Данное обстоятельство обусловило следующую особенность шведской модели — ее рестриктивный (ограничительный) характер. Подобная рестриктивность касается как личных доходов населения, так и доходов предпринимателей и реализуется с помощью прогрессивной налоговой системы, которая позволяет изъять в государственный бюджет значительную часть первично распределяемых доходов.

В свою очередь жесткая налоговая система является финансовой базой для различного рода трансфертных платежей и для развертывания широкой сети высококачественных социальных услуг. Значительная роль трансфертных платежей влечет за собой активное вмешательство шведского государства в функционирование органов социального страхования, которые находятся под строгим государственным контролем и финансируются в значительной мере за счет государственного бюджета.

Во время экономических трудностей 1990-х гг. принцип всеобщего социального обеспечения был предметом обсуждения, но большинство политических партий и граждан поддержали принципы всеобщего социального распределения, финансируемого из государственных и местных ресурсов, налогов. (Финансирование социальных программ идет из фондов государственных и городских налогов и через страховые взносы работодателей и служащих.)

Вследствие этого уровень налогов в Швеции — один из самых высоких в мире.

Таким образом, важнейшим положением шведской модели благосостояния является идея солидарности различных социально-экономических групп и слоев населения. Поэтому патерналистские черты, присущие данной модели, не были взаимосвязаны с подавлением государством жизненных интересов той или иной группы подобно тому, как это произошло в бывшем СССР. Шведское государство взяло на себя не только равную защиту интересов всех членов общества, но и добивалось относительного сближения благосостояния отдельных групп населения, в чем проявился ее эгалитаризм.

А. Линдбек: шведский эксперимент

Ассар Линдбек — известный шведский экономист, посвятивший многие работы исследованию феномена государства всеобщего благосостояния — "шведского эксперимента", как сам он назвал это явление в европейской экономической и социальной жизни второй половины XX в. Рассмотрим основные положения его работы[129].
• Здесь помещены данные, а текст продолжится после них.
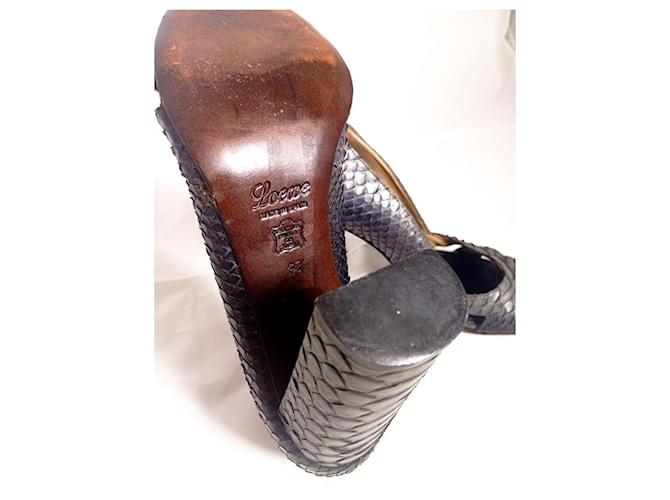 Loewe Python Peep-Toe Heels with Square Heel. Blue Grey - view 5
Свое рассмотрение шведского государства всеобщего благосостояния Линдбек начинает с институционального контекста послевоенной экономической и социальной политики Швеции. В это время особое внимание уделялось следующим важным целям. Это экономическая безопасность (как называет ее Линдбек), включающая и полную занятость, и эгалитаризм, подразумевающий как общее сокращение дифференциации доходов, так и снижение бедности. Внимание к этим целям и особенностям их реализации, согласно автору работы, помогает объяснить некоторые характерные черты институционального устройства Швеции на протяжении практически всего послевоенного периода — устройства, часто именуемого шведской моделью экономической и социальной организации.
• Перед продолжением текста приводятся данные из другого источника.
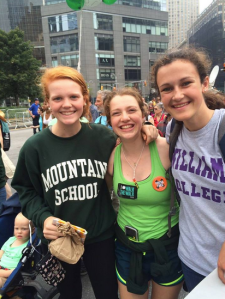 (from L-R) Winsor junior, senior, and recent alumna advocate for environmental rights in New York City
Упомянутое институциональное устройство лучше всего может быть охарактеризовано как общество с преобладанием крупных и централизованных институтов. Важнейшими его элементами являются:

• значительные расходы государственного сектора и высокие налоги, отражающие амбиции общества всеобщего благосостояния;

отличающаяся высокой степенью интервенции стабилизационная политика, изначально предназначенная для организации полной занятости в сочетании с активной политикой на рынке труда в качестве важнейшего инструмента;

• попытки государства воздействовать на уровень совокупных сбережений, предложение кредитов и инвестиций, а также на их размещение с помощью государственных сбережений, регулирования рынка капиталов, налогов и субсидий;

• жесткий контроль местных администраций со стороны центрального правительства;

• централизованное установление зарплаты на национальном уровне;

• высокая степень централизации решений, принимаемых в частном секторе: среди производителей господствует небольшая группа крупных фирм, владение финансовыми активами, включая акции, также сконцентрировано в нескольких институтах — трех или четырех банках, шести страховых компаниях и нескольких инвестиционных корпорациях;

• режим свободной торговли, с которым упомянутые централизованные структуры, однако, сочетаются[130].
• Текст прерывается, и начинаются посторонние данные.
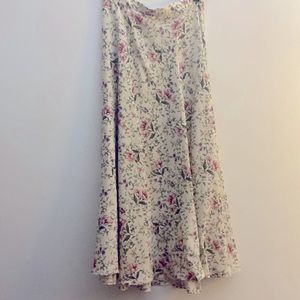100% rayon vintage flare skirt, in cream floral.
Согласно Линдбеку, государство всеобщего благосостояния формировалось в Швеции в конце 1960-х — 1970-х гг. и его краеугольным камнем было социальное страхование. Отметим его черты, характерные именно для шведской системы социального страхования:

большинство выплат являются универсальными в том смысле, что они охватывают все население, хотя многие права должны приобретаться путем предшествующего или текущего участия в труде (так называемая плата за труд);

обычно выплаты производятся не по единообразной ставке, а замещают некоторую часть дохода;

значение проверки нуждаемости преуменьшено.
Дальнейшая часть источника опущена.